A man dressed as Santa Claus walks the floor of the New York Stock Exchange.
Shannon Stapleton | Reuters
The so-called Santa Claus rally is around the corner, a short boost in stocks that investors have enjoyed for decades.
The stock market tends to have unusually strong performance during the final five trading days of the year and the first two tradings days of the new year, which Wall Street nicknamed “the Santa Claus rally.” The S&P 500 has posted a 1.3% gain on average since 1950 during those periods, according to the Stock Trader’s Almanac, which helped define the period.
It has worked for the most part in the last 10 years. The S&P 500 has only had two declines, in 2014 and 2015, during those seven trading days in the past decade. This year, the record-setting rally has pushed the S&P 500 over 3,200 for the first time ever with a good chance at scoring the best annual return in as many as 22 years.

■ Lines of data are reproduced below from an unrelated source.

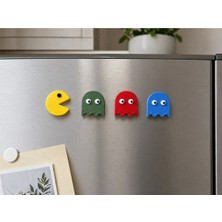4'lü Pacman Buzdolabı Magneti-Pacman Buzdolabı Magnet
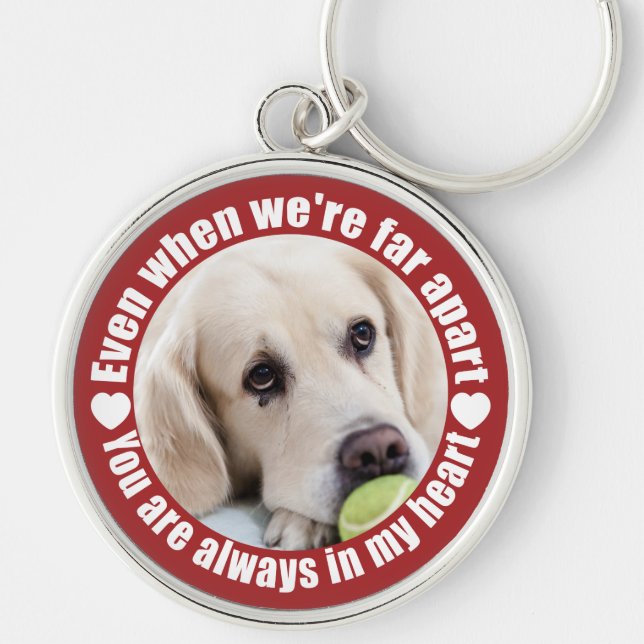 Llavero LA cadena de claves FOTO Far Apart Love (Frente)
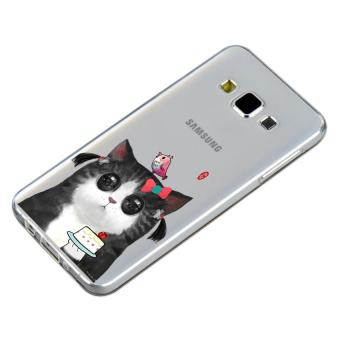 HugCase TPU เคส Samsung Galaxy A8เคสโทรศัพท์พิมพ์ลาย Bird & Cat เนื้อบาง 0.3 mm HugCase TPU เคส Samsung Galaxy A8เคสโทรศัพท์พิมพ์ลาย Bird & Cat เนื้อบาง 0.3 mm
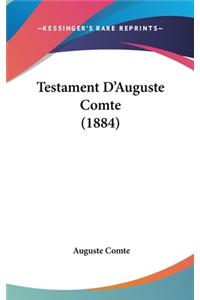 Testament D'Auguste Comte (1884)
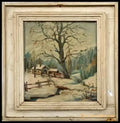 картина масло фазер в рамка (778) - Картина
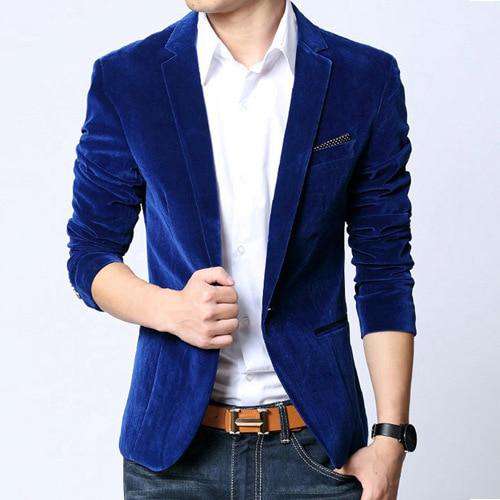 Men's Slim Fit Velvet Blazer – Luxurious, Bold & Party-Perfect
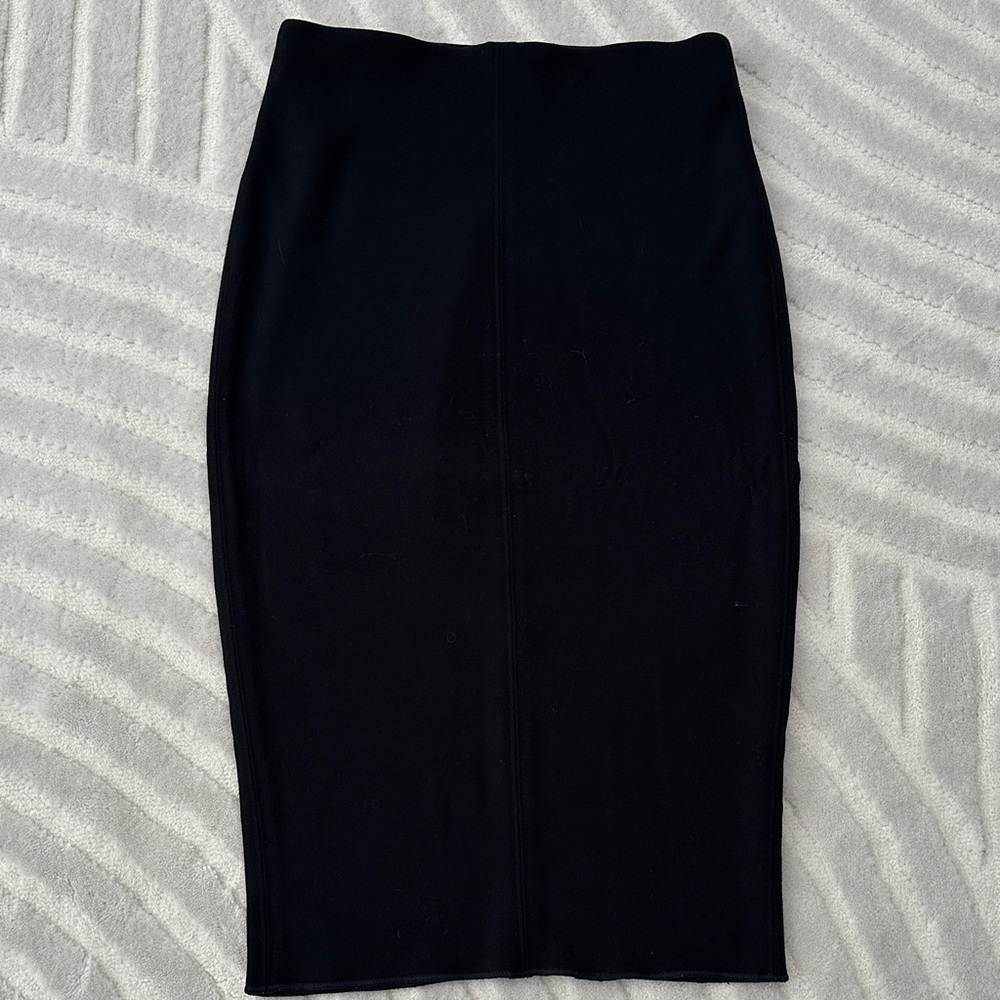 Wilfred Classic Black Pencil Skirt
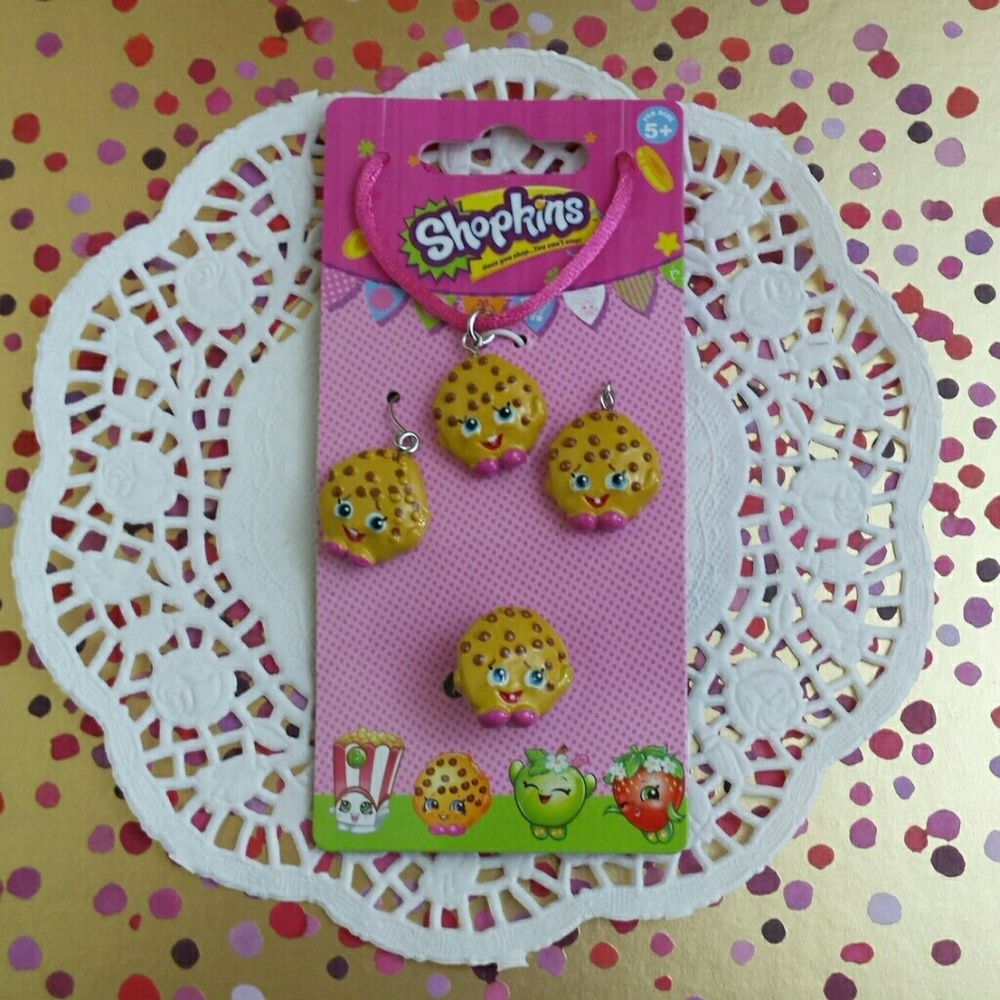 Shopkins Childrens 3-piece Jewelry Set Age5 and up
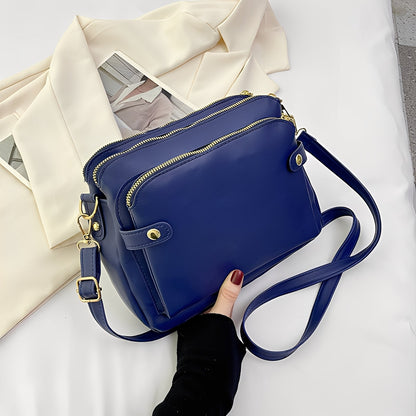 Michaela - Klasická kožená kabelka pro ženy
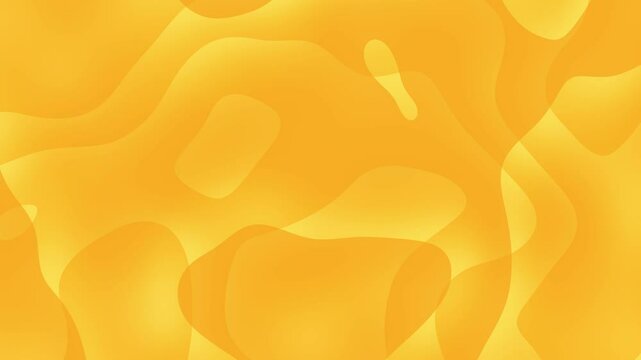 Abstract yellow design with organic flowing shapes for use in modern branding, web design, packaging, backgrounds, and print materials.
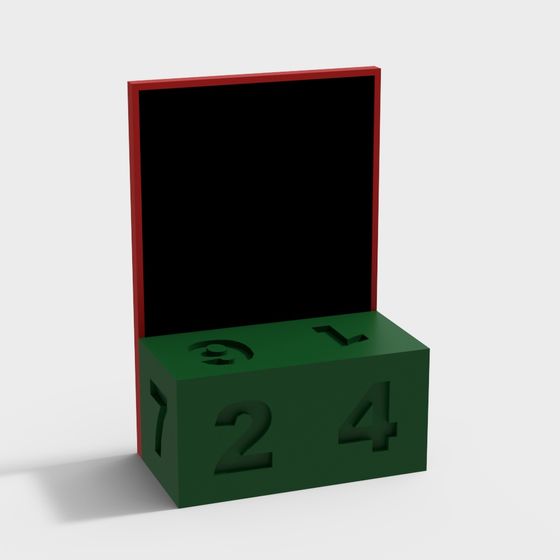 Dice Treasure Box 3D Model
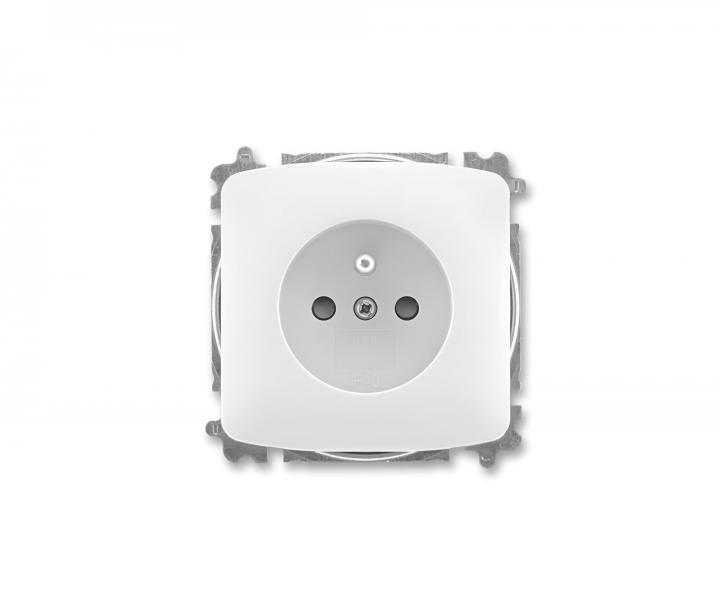 Z�suvka bez�roubov� jednon�sobn� ABB Tango 5519A-A02357 B, s clonami - biela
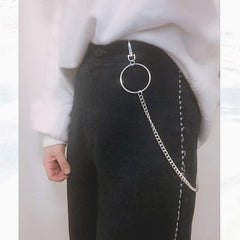 Fashion Men's Women's Self Defense Long Hip Hop Pants Chain Biker Wallet Chain For Men - iwalletsmen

“This isn’t simply an ephemeral ‘Santa Rally’ without any fundamental underpinnings,” said Adam Crisafulli, founder of Vital Knowledge, in a note on Thursday. “The fact Trump is coming off a very strong month of news (notwithstanding impeachment) is another tailwind for this tape.”
Investors have turned much more bullish in recent weeks after the U.S. and China announced they have reached a “phase one” trade deal. The Trump administration also inked a new North American trade agreement. Optimism is building that the global economy will recover from a slowdown and avoid a recession as economic data in the U.S. and overseas began to improve.
December typically has the tendency to finish strong, according to Ryan Detrick, senior market strategist for LPL Financial. Based on the historic performance going back to 1950, the majority of December’s gains in the S&P 500 have tended to happen towards the end of the month, Detrick said.